[Records contained in a dataset]
┌────────
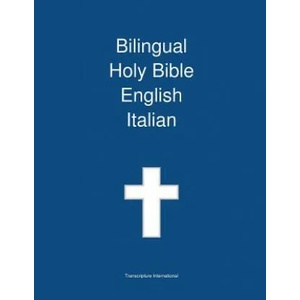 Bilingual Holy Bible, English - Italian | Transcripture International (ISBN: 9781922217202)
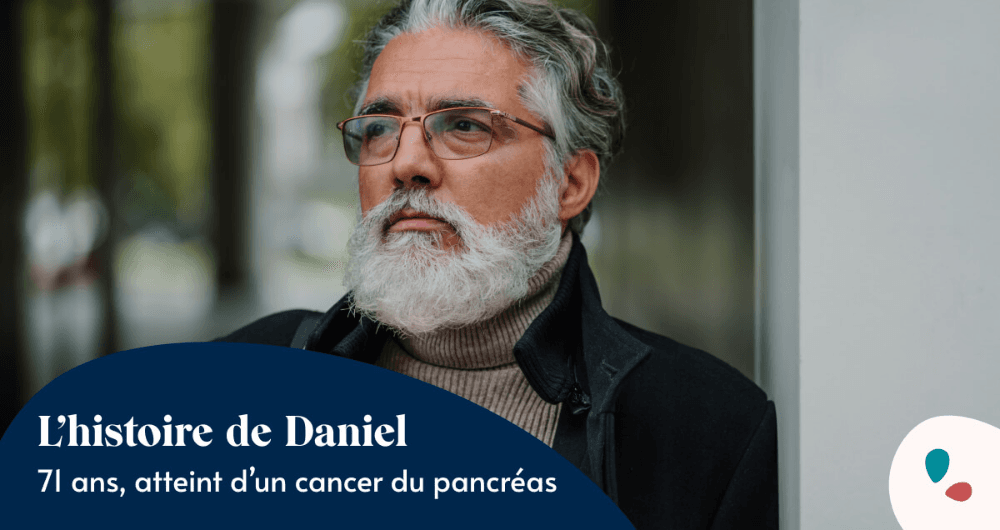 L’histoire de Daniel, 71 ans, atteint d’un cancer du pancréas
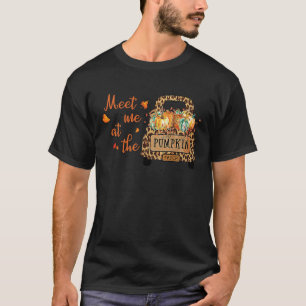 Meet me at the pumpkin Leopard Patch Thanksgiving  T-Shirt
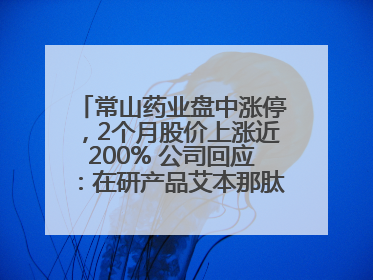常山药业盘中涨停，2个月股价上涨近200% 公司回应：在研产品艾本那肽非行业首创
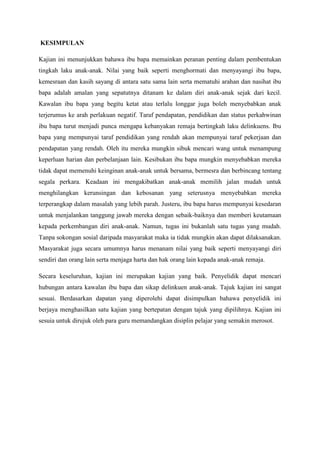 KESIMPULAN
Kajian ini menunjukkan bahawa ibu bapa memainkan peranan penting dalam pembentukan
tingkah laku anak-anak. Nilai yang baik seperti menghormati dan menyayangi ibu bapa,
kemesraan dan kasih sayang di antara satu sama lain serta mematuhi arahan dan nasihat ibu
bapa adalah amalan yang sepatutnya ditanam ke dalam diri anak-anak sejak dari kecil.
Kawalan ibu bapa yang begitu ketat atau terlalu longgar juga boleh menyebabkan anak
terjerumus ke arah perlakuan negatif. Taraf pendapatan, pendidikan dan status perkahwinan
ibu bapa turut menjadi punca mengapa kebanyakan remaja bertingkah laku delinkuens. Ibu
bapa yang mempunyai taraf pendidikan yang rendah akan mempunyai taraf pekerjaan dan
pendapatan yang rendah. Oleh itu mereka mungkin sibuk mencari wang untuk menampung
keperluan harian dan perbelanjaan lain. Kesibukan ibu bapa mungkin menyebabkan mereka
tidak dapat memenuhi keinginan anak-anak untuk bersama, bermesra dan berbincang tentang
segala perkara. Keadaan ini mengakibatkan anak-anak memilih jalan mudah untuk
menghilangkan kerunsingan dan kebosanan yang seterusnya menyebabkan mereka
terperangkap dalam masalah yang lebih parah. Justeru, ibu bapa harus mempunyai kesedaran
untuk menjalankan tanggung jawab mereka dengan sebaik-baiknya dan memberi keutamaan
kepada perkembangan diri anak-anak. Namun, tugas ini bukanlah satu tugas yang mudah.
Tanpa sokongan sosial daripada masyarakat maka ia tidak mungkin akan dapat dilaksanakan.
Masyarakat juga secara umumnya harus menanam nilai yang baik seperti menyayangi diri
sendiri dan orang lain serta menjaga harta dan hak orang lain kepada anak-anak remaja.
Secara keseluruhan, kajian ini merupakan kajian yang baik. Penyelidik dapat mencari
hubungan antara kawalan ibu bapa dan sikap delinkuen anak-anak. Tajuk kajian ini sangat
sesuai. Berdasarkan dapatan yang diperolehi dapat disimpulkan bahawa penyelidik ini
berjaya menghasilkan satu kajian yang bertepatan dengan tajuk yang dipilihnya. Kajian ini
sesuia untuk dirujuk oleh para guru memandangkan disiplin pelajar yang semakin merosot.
└────────
Print the lines above from the one with "kepada perkembangan diri" through the one with "Secara keseluruhan, kajian", both included, exactly as written and nothing more.

**RESPONSE BOX:**
kepada perkembangan diri anak-anak. Namun, tugas ini bukanlah satu tugas yang mudah.
Tanpa sokongan sosial daripada masyarakat maka ia tidak mungkin akan dapat dilaksanakan.
Masyarakat juga secara umumnya harus menanam nilai yang baik seperti menyayangi diri
sendiri dan orang lain serta menjaga harta dan hak orang lain kepada anak-anak remaja.
Secara keseluruhan, kajian ini merupakan kajian yang baik. Penyelidik dapat mencari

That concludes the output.